# Raw data
# # # #

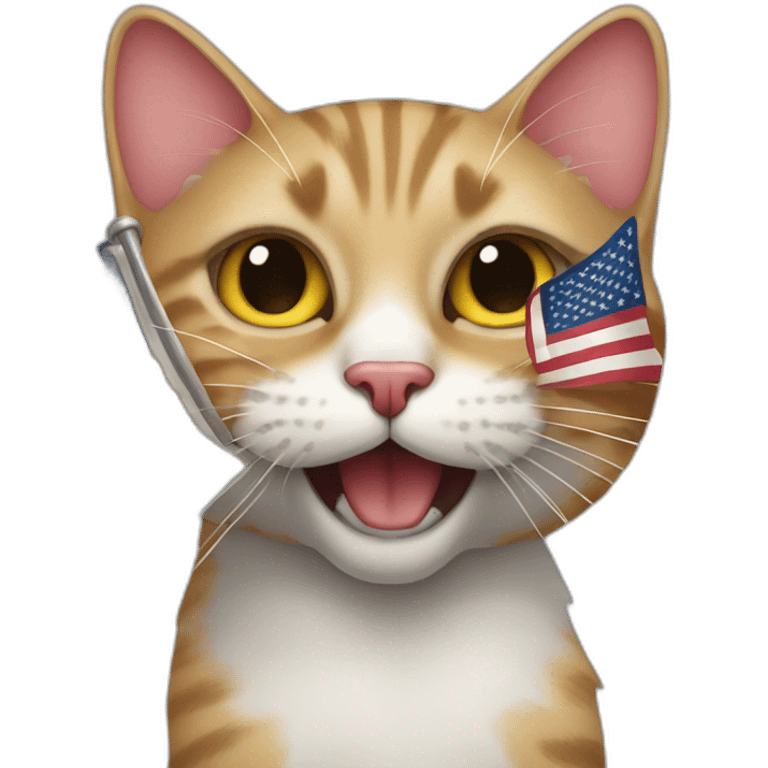 cat holding an american flag in its mouth emoji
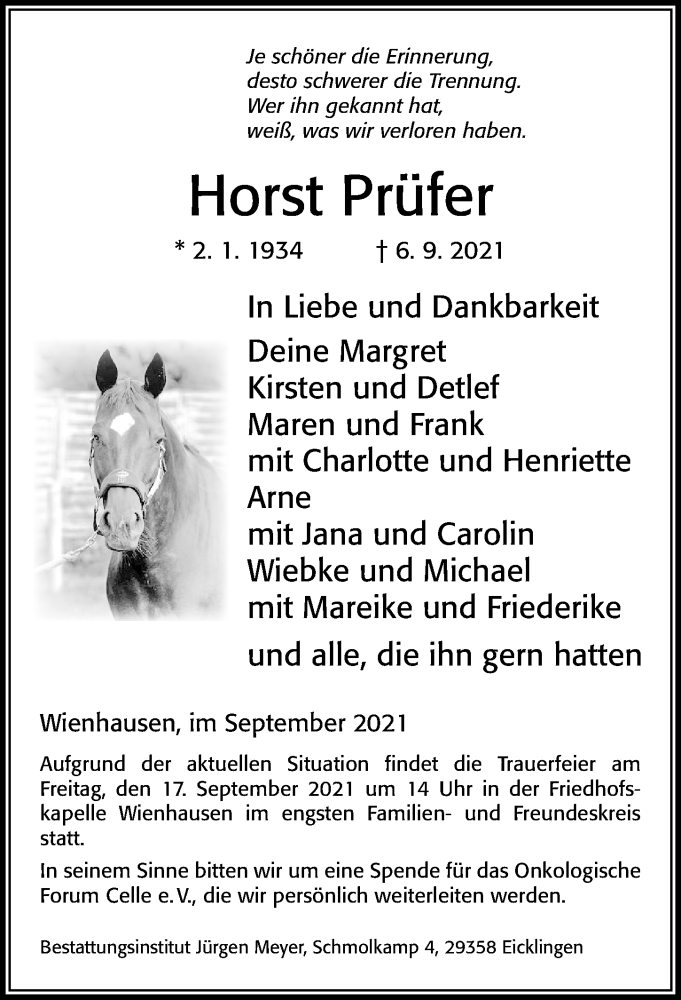  Traueranzeige für Horst Prüfer vom 11.09.2021 aus Cellesche Zeitung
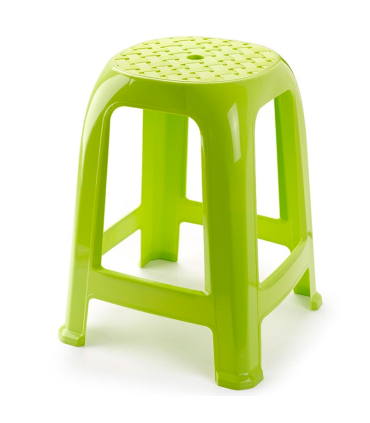 Tradineur - Taburete de plástico con asiento de 26 x 26 cm y reposapiés, banqueta multiusos, cocina, salón, baño, hogar, fabricado en España (Verde pistacho, 46,2 x 36,5 x 37 cm)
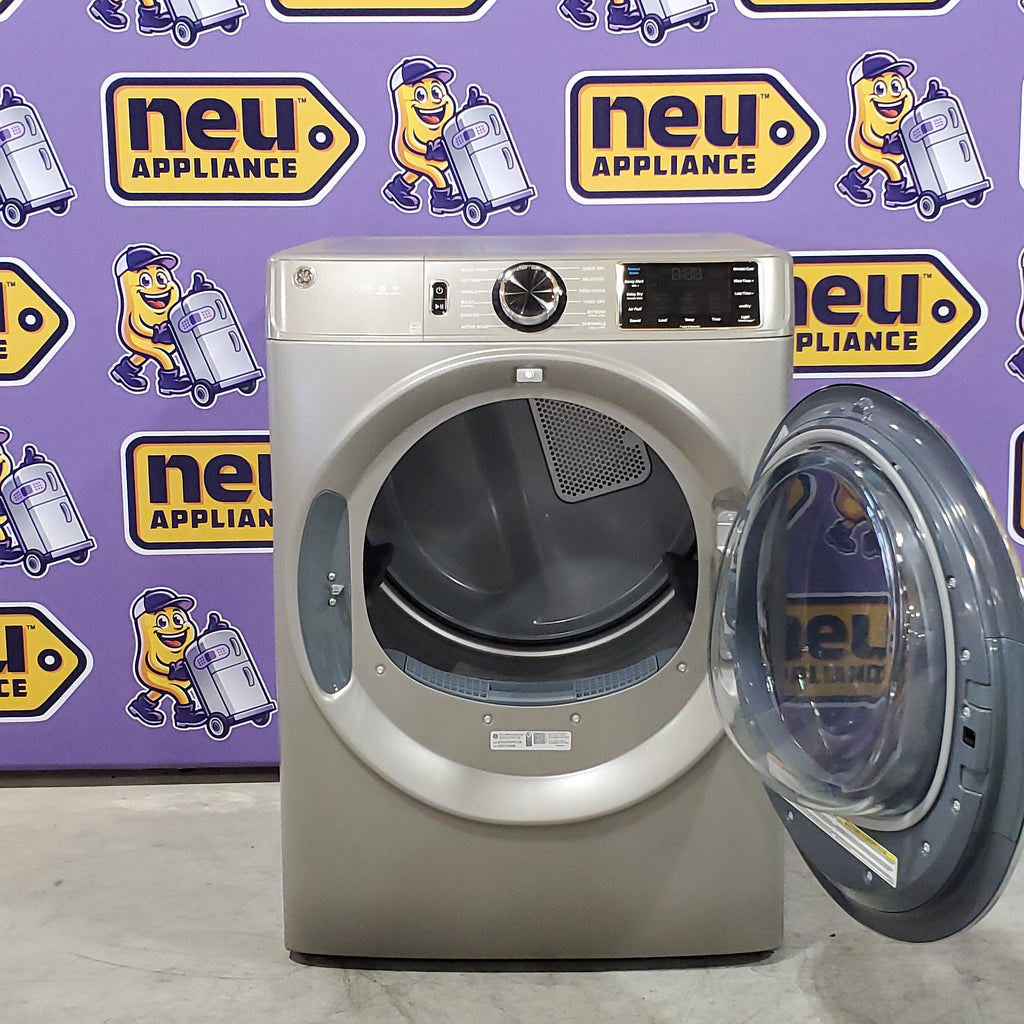 Pictures of GE ENERGY STAR® 7.8 cu. ft. Capacity Smart Front Load Electric Dryer with Steam and Sanitize Cycle GFD65ESPNSN - Scratch & Dinner (Minor) - Neu Appliance Outlet - Discount Appliance Outlet in Austin, Tx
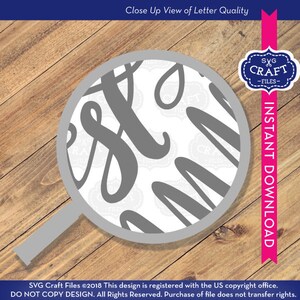 May include: Close-up view of the letter quality for a digital design file. The design features the word "Mom" in a handwritten style. The image shows a magnifying glass over the design to highlight the detail.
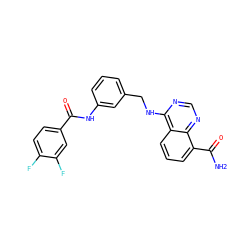 NC(=O)c1cccc2c(NCc3cccc(NC(=O)c4ccc(F)c(F)c4)c3)ncnc12 ZINC000114344900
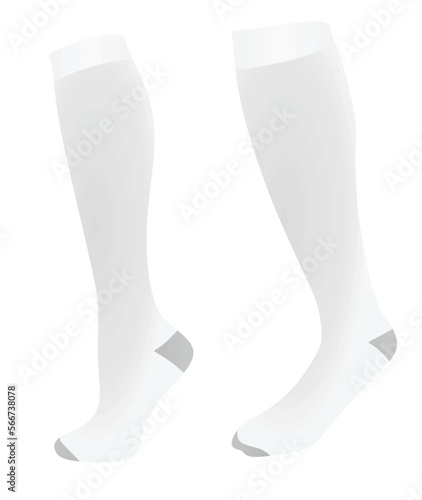 White soccer socks. vector illustration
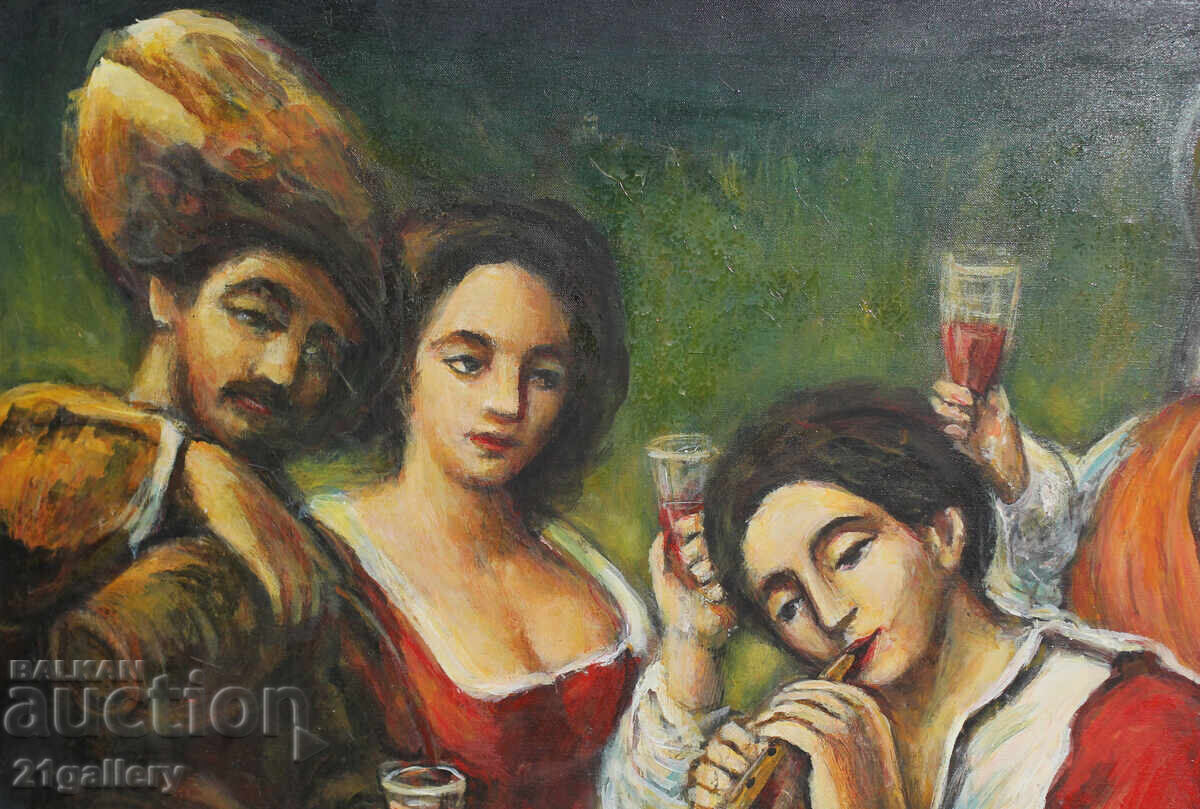 Delivery of Contemporary oil painting, figural composition signed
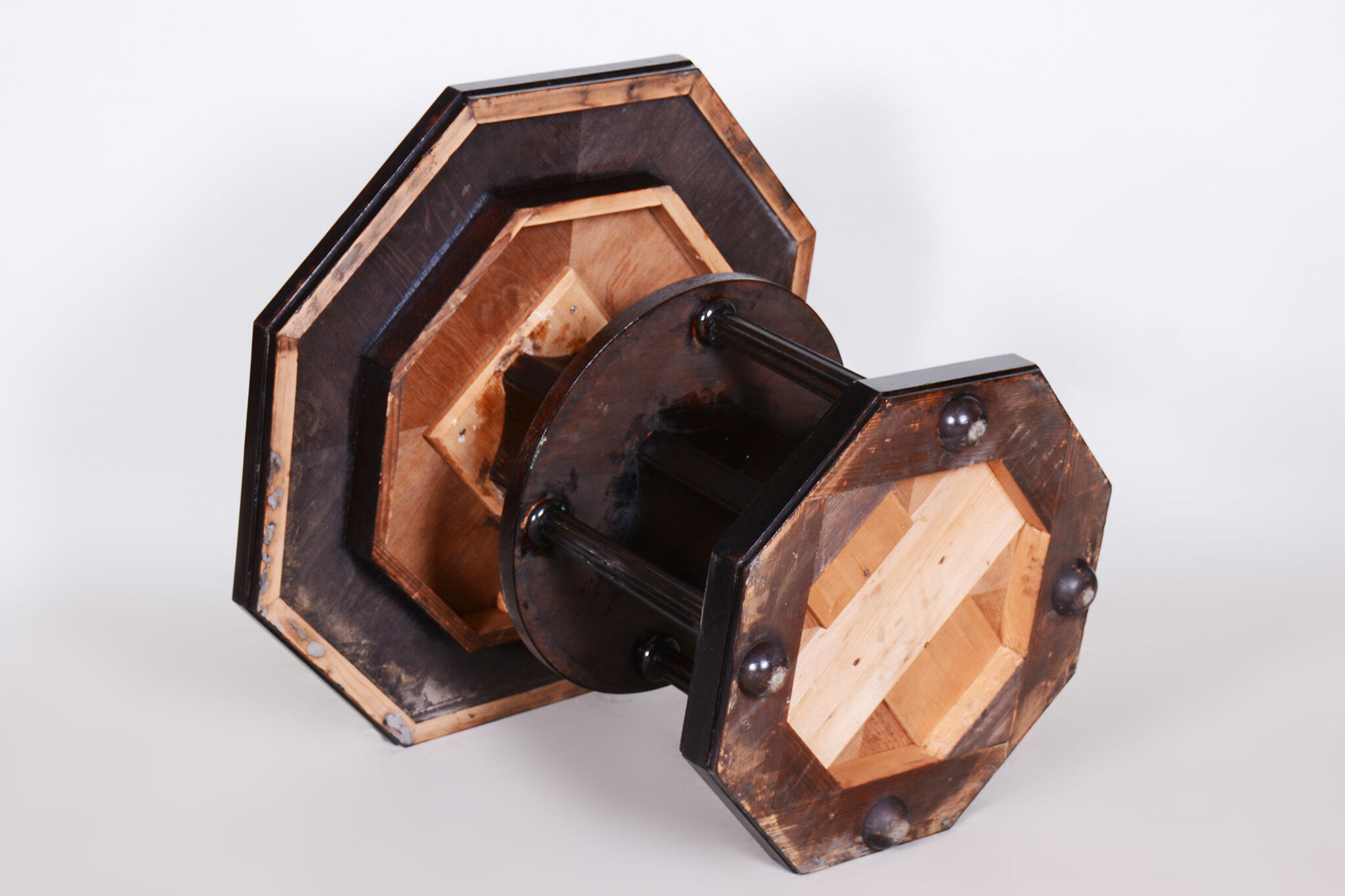 Unusual Restored Czech Cubist Oak Side Table, Czechia, 1910-1919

# # # #

# What is being asked
Find the line holding "White soccer socks. vector illustration" in the data above. Retype it and every later line exactly, through the end, but not the pictures.

# Answer to the exercise
 White soccer socks. vector illustration
 Delivery of Contemporary oil painting, figural composition signed
 Unusual Restored Czech Cubist Oak Side Table, Czechia, 1910-1919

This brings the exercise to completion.